In this phase of life, change occurs with such frequency that it can feel as if staying immersed in the moment is the only way to keep afloat. Unfortunately, however, the migrant experience is marked by a fundamental unpredictability, which means that even the people populating our lives cannot be counted on to remain consistent. Sometimes, we have no choice but to accept that the friends we have now will continue to grow and change, and we won’t necessarily be present for their next stage or get to witness the people they become.
Of course, coming to terms with the fragmentation of any friendship is hardly easy. Personally, the friendships I’ve found toughest to say goodbye to are those that were cut short before they ever really began - the people I let drift away before I was able to strengthen my grip. Through misplaced misgivings, puzzling passivity or simple obliviousness, I kept myself from discovering how deep those connections could have gone. I realise now that the time-sensitive nature of these friendships demands that we do not hesitate.
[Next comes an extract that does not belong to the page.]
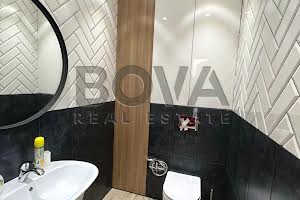 комерційна за адресою Бессарабська пл., 5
The only way to know where a budding friendship might lead is to take the opportunity to find out before it’s too late and the ship has sailed.
Impermanence
As I reflect on my own time at university, I’ve come to appreciate how the impermanence of many of the friendships I made there has taught me to better recognise and act on potential connections as I experience them. Whatever the circumstance, we’ve got to cherish the people around us – preferably before their names risk joining the list of faintly remembered Christmas card-addressees. This way, when the time does come for our friends to move on, we can take comfort in knowing that we held onto them as hard as we could while we had the chance.